In a recently published study, Dr NPJ Digital MedicineResearchers have developed diagnostic reasoning prompts to investigate whether large language models (LLMs) can simulate diagnostic clinical reasoning.
LLM, an artificial intelligence-based system trained using large amounts of text data, is known for its human-simulating performance on tasks such as writing clinical notes and passing medical exams. However, understanding their clinical diagnostic reasoning abilities is crucial for their integration into clinical care.
Recent studies have focused on open-ended-type clinical questions, indicating that innovative large-language models such as the GPT-4 have the potential to identify complex patients. Prompt engineering has begun to overcome this problem, as LLM performance varies based on prompt and question type.
About the study
In the present study, researchers assessed diagnostic reasoning for open-ended-type clinical questions by GPT-3.5 and GPT-4, hypothesizing that GPT models can outperform conventional chain-of-thought (CoT) by prompting with diagnostic reasoning prompts.
The team used modified MedQA United States Medical Licensing Examination (USMLE) datasets and New England Journal of Medicine (NEJM) case series to compare conventional chain-of-thought prompting with different diagnostic logic prompts modeled after cognitive approaches to formulating differential diagnoses. , analytical reasoning, Bayesian inference, and intuitive reasoning.
They investigated whether large-language models could mimic clinical reasoning skills using specialized prompts combining clinical skills with advanced prompting techniques.
The team used prompt engineering to create prompts for diagnostic reasoning, eliminating multiple-choice selections and converting questions to free responses. They included only Step II and Step III questions from the USMLE dataset and the Patient Diagnosis Assessor.
Each round of prompt engineering involved GPT-3.5 accuracy evaluation using the MEDQA training set. The training and test sets, containing 95 and 518 questions, respectively, were reserved for evaluation.
Researchers evaluated GPT-4 performance in 310 cases recently published in the journal NEJM. They excluded 10 that did not have a specific final diagnosis or exceeded the maximum context length for the GPT-4. They compared conventional CoT prompting with the best-performing clinical diagnostic reasoning CoT prompt (reasoning of differential diagnosis) in the MedQA dataset.

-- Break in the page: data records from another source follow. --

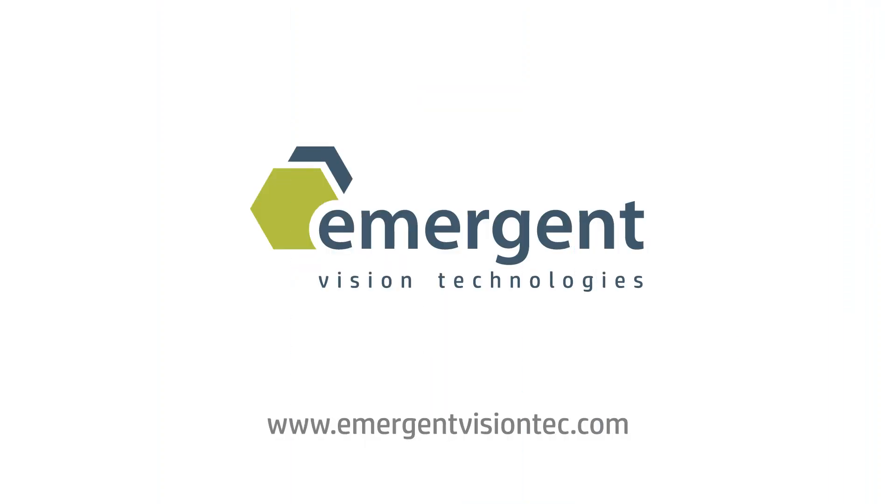For further information and to learn more about the benefits of Emergent's 10 and 25 GIGI cameras, please download our 10 and 25 GIGI whitepaper at EmergentVisionTech.com. Thanks for watching!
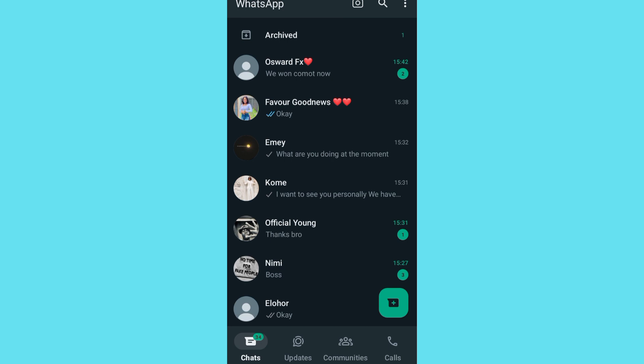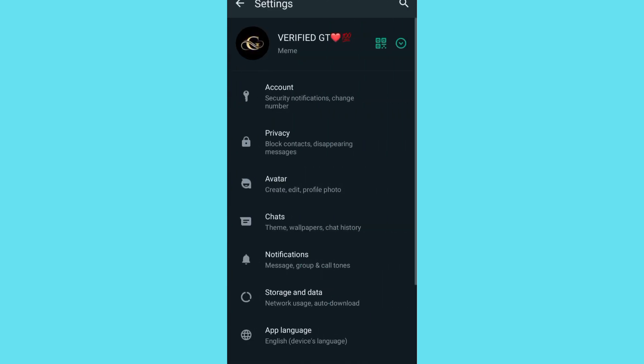Then tap on the three lines at the top right corner of your WhatsApp. As you can see, tap on the three lines. You're going to see this page - new group, new broadcast, linked devices, starred messages, and settings. Then tap on settings. As you can see, it's going to take you to this page.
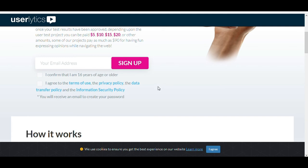When you are signing up, fill out your full profile because they can match the right surveys and tests for you when you do that. When you fill out your location, age, or information, they can match you with the right tests so that you can make money. After signing up, you are ready to earn money.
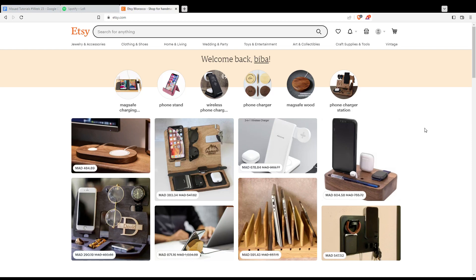Once you've logged in, you'll find yourself on this homepage with the welcome back message. As I said in the beginning, I'm going to give you five simple ways to increase traffic to your Etsy store.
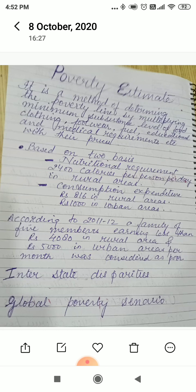The second basis is consumption expenditure: ₹816 in rural areas and ₹1000 in urban areas, according to the census of 2011-12. A family of five members earning less than ₹4080 in rural areas and ₹5000 in urban areas per month was considered poor.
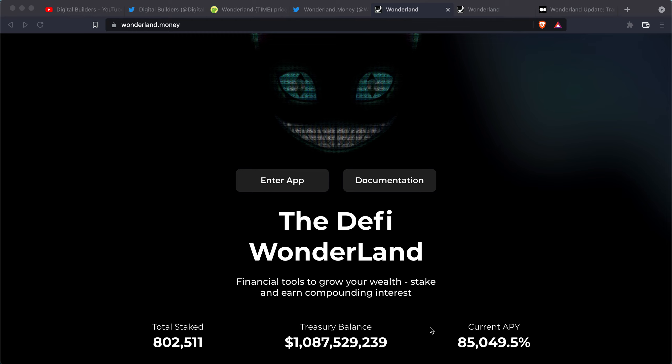Hi everyone, thank you for tuning in to Digital Builders where we help you build your digital future. Today we have a lot of updates happening on the Wonderland front. Daniele Sesta hosted an impromptu AMA today discussing a lot of changes that are happening with Wonderland and with Time and wrapped Memo.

Each prompt consists of two example questions with reasoning using target reasoning techniques or short-shot learning. The study used free-response questions from the USMLE and NEJM case report series to facilitate rigorous comparisons between assessment prompting techniques.
The physician author, attending physician, and an internal medicine resident evaluated the language model responses, with each question evaluated by two blinded physicians. A third researcher resolved disagreements. If necessary, the doctors checked the accuracy of the answers using software.
The study reveals that the GPT-4 prompts can simulate the clinician’s clinical reasoning without compromising diagnostic accuracy, which is crucial for assessing the accuracy of LLM responses, thereby increasing their credibility for patient care. The approach can help overcome the black box limitations of LLMs, bringing them closer to safe and effective use in medicine.
The GPT-3.5 accurately answered 46% of assessment questions with standard CoT prompting and 31% with zero-shot-type non-chain-of-thought prompting. Among prompts associated with clinical diagnostic reasoning, the GPT-3.5 performed best with intuitive-type reasoning (48% vs. 46%).
Compared to classic chain-of-thoughts, GPT-3.5 performed significantly worse for developing analytical reasoning prompts (40%) and differential diagnosis (38%), while Bayesian inferences fell short of significance (42%). The team observed an inter-rater consensus of 97% for the MedQA data GPT-3.5 assessment.
The GPT-4 API returned errors for 20 test queries, limiting the size of the test dataset to 498. GPT-4 demonstrated higher accuracy than GPT-3.5. The GPT-4 showed 76%, 77%, 78%, 78%, and 72% accuracy with classical chain-of-thought, intuitive-type reasoning, differential diagnostic reasoning, analytical reasoning prompts, and Bayesian inference, respectively. Inter-rater consensus for the GPT-4 MedQA assessment was 99%.
Regarding the NEJM dataset, GPT-4 scored 38% accuracy with conventional CoT versus 34% for differential diagnosis formulation (a 4.2% difference). Inter-rater consensus for the GPT-4 NEJM assessment was 97%. GPT-4 responses and rationale for the entire NEJM dataset. Prompts that promote step-by-step reasoning and focus on a single diagnostic reasoning strategy perform better than combining multiple strategies.
Overall, the study results showed that GPT-3.5 and GPT-4 improved reasoning ability but not accuracy. The GPT-4 performed similarly with conventional and intuitive-type reasoning chain-of-thought prompts but worse with analytic and differential diagnosis prompts. Bayesian inference and chain-of-thought prompting showed worse performance than classical CoT.
The authors propose three explanations for the difference: GPT-4’s reasoning process may be fundamentally different from that of human providers; It can explain post-hoc diagnostic evaluations in the desired logic format; Or it can achieve maximum accuracy with the given vignette data.